By Nahla Bendefaa
By Nahla Bendefaa
Rabat – Two Amnesty International staff members were interrogated before being expelled from Morocco on Thursday, June 11, on the basis of conducting unauthorized research.
John Dalhuisen, Director for Europe and Central Asia, and Irem Arf, Refugee and Migrant Rights ‘Researcher’, were investigating the human rights situation of migrants and refugees at Morocco’s northern borders with Spain.
The Moroccan Ministry of Interior said in a press release that both Dalhuisen and Arf did not have the necessary permission to conduct their research. The Interior Ministry also stated that they had asked the London-based human rights group to delay the research trip until both parties found a compromise in terms of the conditions of the fact-finding mission.
Amnesty International stated that it had received written and verbal assurances as recently as May 2015 during a meeting with Moroccan officials that the organization could visit the country without being required to obtain prior authorization.
The police picked up John Dalhuisen at his hotel in Rabat, while Irem Arf and her translator were stopped in Oujda.
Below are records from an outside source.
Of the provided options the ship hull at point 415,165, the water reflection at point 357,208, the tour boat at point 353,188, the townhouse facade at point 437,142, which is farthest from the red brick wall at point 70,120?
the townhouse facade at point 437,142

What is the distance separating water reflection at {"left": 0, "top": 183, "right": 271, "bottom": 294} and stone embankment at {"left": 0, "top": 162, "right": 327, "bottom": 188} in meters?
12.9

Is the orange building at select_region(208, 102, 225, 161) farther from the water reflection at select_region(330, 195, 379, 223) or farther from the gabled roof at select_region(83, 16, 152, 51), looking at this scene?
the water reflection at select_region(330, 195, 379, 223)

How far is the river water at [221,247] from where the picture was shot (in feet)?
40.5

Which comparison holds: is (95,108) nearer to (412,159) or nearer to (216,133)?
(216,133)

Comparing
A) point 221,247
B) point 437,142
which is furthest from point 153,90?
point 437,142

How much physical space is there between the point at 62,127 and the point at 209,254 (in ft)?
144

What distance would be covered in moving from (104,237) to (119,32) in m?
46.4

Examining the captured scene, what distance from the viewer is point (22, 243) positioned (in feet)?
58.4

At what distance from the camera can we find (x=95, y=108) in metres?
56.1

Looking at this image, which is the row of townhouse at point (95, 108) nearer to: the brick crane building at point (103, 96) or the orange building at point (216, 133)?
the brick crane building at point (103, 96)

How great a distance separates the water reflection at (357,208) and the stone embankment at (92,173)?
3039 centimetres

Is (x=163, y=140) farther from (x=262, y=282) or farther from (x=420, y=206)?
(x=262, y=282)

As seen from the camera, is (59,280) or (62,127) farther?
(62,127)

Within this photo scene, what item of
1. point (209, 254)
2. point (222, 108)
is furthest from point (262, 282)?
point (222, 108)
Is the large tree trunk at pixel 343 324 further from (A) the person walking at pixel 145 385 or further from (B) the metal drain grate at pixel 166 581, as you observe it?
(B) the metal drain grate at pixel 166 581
Both Dalhuisen and Arf were interviewed extensively before being sent to London and Paris, respectively.
“Moroccan authorities’ attempts to thwart Amnesty International’s work in the country, and our ability to investigate alleged human rights abuses, takes place against a backdrop of growing restrictions on local human rights groups,” said Anna Neistat, Amnesty International’s Senior Director of Research.
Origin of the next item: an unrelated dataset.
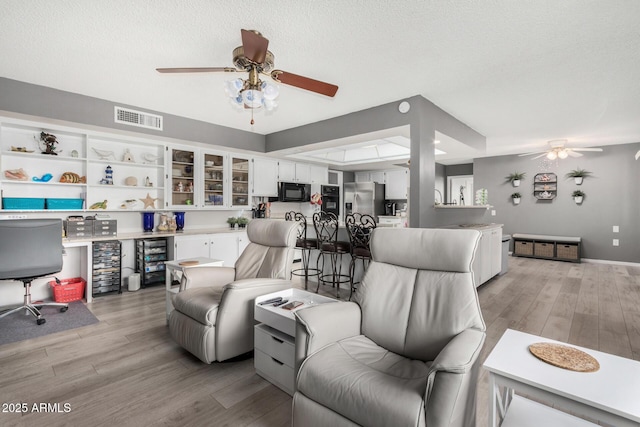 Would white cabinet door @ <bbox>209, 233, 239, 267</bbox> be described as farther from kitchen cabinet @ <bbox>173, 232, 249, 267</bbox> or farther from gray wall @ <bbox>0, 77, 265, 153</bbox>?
gray wall @ <bbox>0, 77, 265, 153</bbox>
According to Amnesty International, this is not the first time that Moroccan authorities have hindered their work in the Kingdom. In September 2014, authorities shut down Amnesty International’s 16th Annual Youth Camp. Following that, a fact-finding delegation was denied entry in October of the same year. In November 2014, another fact-finding visit was “cancelled by the organization after the Moroccan authorities sought to impose conditions on how it could operate”.